This may be obvious to you already, but the source of the additional fuel consumption comes from a few sources (in my interpretation anyway) and calling it "on-road" and "off-road" actually confuses the issue. For the game's purposes "on-road" is only possible in a hex that has a marked road. You can, of course, choose to drive "off-road" in such a hex. In this case you are staying off the fastest and most efficient routes -- and that's where the extra fuel burn comes in. Does this mean there aren't roads everywhere else? No, of course not. I think you would have a pretty hard time finding any 10km area of Poland that doesn't have roads. But these are going to be secondary roads, or worse. Dirt/mud in many cases, rather than pavement.
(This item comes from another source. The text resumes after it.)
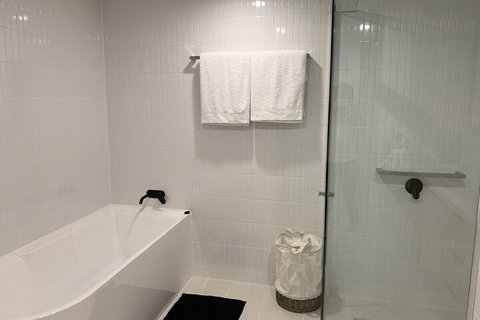 Cosmopolitan Exclusive Rental Apartments - Darwin Holiday 7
Some of them probably heavily rutted, completely washed out, blocked by abandoned vehicles or roadblocks (manned or abandoned, trees dropped across them, etc). Moving on them is going to be inefficient at best and a real obstacle at worse.
The game by default seems to assume that main highways are not this way. In some places (where they were recently cleared for an advance by a division, say) that might be true. In other places I'd think those highways could actually be much worse than secondary roads -- prime ambush points, mined, struck by any number of munitions, you name it.
And then there's true off-roading (for instance, through the woods or just across the fields and so on). I actually think this would be largely impossible for many vehicles in Poland's forests, but if feasible at all it's obvious why it takes so much more time and fuel. Bogging is a likely risk, moving slowly due to security and the possibility of UXO/mines is a real issue, etc.